Cocktail Chatter

Grizzly Deaths, Settling for Romney, and Ditching the Penny

The week’s most interesting Slate stories.

The Wapiti grizzly sow with her cubs in June, 2011
A Wapiti sow with her cubs in June, 2011. This sow was the subject of Jessica Grose’s “Death in Yellowstone” article.

James Yule

A Death in Yellowstone: On the trail of a killer grizzly bear,” by Jessica Grose. When two people died in one summer from grizzly bear attacks at Yellowstone, Grose traveled to Montana and Wyoming to investigate the incidents. In her piece, she looks at the park’s decision to euthanize the mama grizzly thought to be responsible for the killings and explores the ethics of imposing a human-style justice system upon bears.

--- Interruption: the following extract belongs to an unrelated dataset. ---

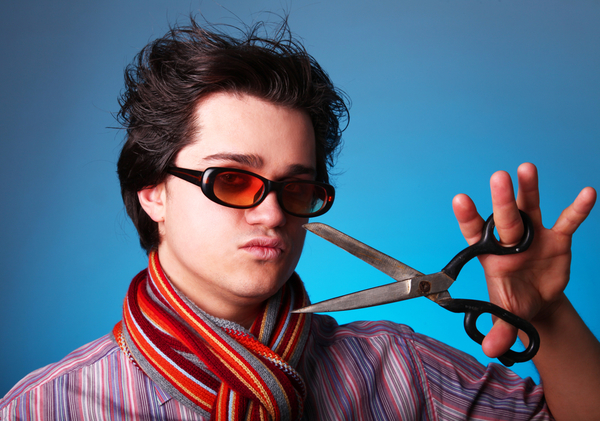 Метросексуал: гей, нарцисс или нормальный?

The New Selma? The death of Trayvon Martin has given Sanford, Fla. a bad name,” by David Weigel. After Trayvon Martin’s death, Weigel finds that some residents in his town want to escape from Sanford’s new notoriety. In a related piece, Weigel talks to black residents who are trying to make sense of Martin’s killing.

One Race Is Over. Another Begins: Romney may have beaten Santorum on Tuesday night, but he’s already running against Obama,” by John Dickerson. As Mitt Romney appears to be the inevitable Republican candidate for president, Dickerson assesses the challenges the candidate faces: Republican lethargy, disinterest from swing voters, and a “suitcase-on-the-front-lawn bad” reputation among women.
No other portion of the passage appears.